• [Task requirements]:
Give again, word for word, every line below from the one that has "tante dos movimentos" through the one that has "17h às 18h Construção", both included, and no others.

• [Data under study]:
^^^^^^^^
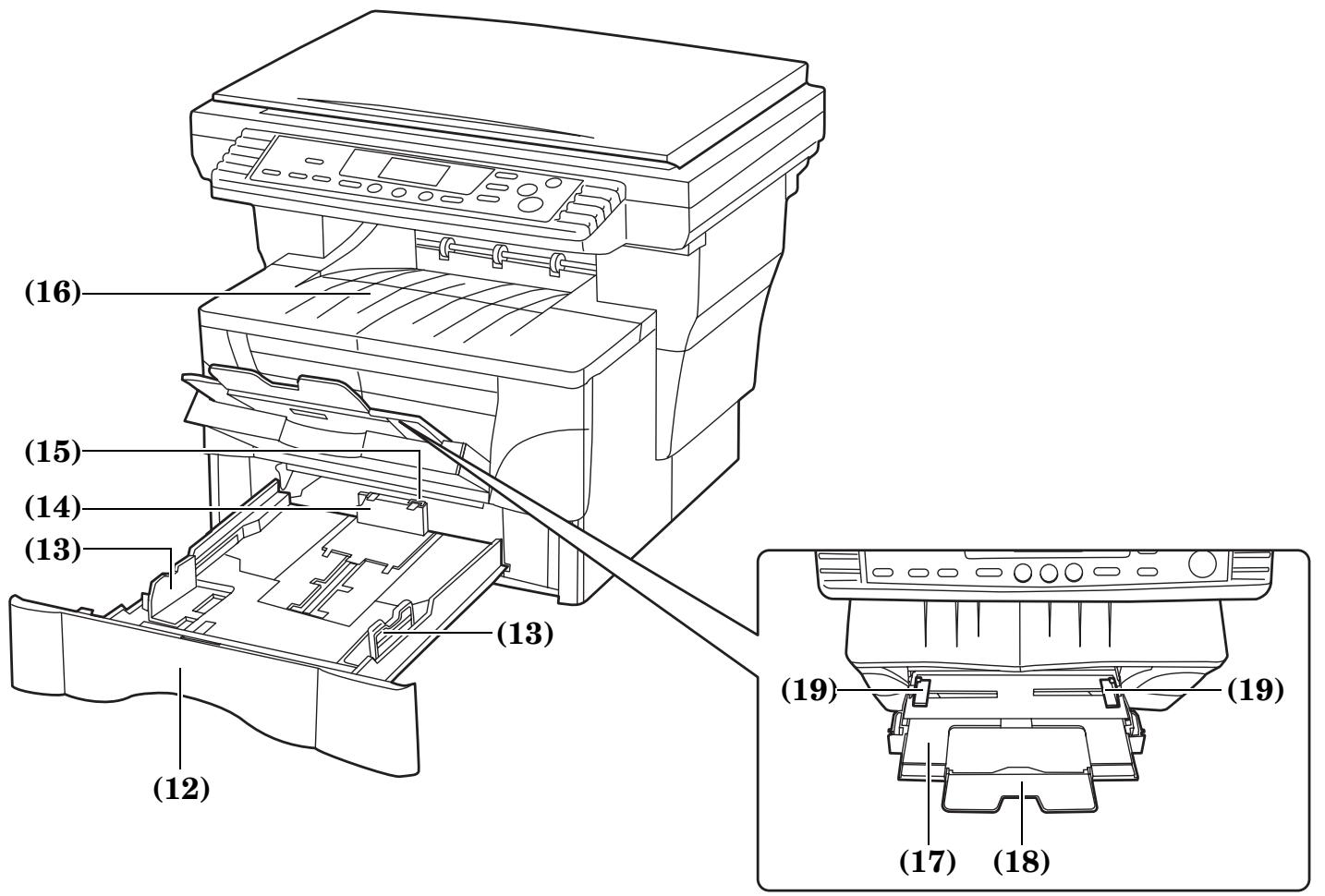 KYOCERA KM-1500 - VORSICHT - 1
^^^^^^^^
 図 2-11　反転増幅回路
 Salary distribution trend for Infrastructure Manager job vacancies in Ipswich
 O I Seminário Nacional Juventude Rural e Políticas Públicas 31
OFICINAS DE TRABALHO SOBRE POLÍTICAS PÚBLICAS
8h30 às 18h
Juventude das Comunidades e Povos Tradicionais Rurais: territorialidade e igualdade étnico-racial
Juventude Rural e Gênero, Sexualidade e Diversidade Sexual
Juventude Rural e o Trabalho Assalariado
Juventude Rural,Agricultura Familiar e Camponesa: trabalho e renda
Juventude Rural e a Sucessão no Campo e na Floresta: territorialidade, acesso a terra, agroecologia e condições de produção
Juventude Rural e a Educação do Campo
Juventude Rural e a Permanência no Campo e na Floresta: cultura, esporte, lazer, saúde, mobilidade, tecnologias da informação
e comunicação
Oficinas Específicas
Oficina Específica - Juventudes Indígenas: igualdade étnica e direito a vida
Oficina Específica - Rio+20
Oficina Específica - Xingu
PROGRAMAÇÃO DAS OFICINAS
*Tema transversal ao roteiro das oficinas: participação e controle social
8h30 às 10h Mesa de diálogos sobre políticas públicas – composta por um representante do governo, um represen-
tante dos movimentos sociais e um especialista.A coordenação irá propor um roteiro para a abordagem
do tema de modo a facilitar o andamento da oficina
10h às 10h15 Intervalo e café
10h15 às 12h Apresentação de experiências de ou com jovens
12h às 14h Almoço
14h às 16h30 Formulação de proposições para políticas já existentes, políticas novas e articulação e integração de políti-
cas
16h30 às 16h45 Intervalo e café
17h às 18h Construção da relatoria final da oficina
^^^^^^^^
• [Output for this exercise]:
tante dos movimentos sociais e um especialista.A coordenação irá propor um roteiro para a abordagem
do tema de modo a facilitar o andamento da oficina
10h às 10h15 Intervalo e café
10h15 às 12h Apresentação de experiências de ou com jovens
12h às 14h Almoço
14h às 16h30 Formulação de proposições para políticas já existentes, políticas novas e articulação e integração de políti-
cas
16h30 às 16h45 Intervalo e café
17h às 18h Construção da relatoria final da oficina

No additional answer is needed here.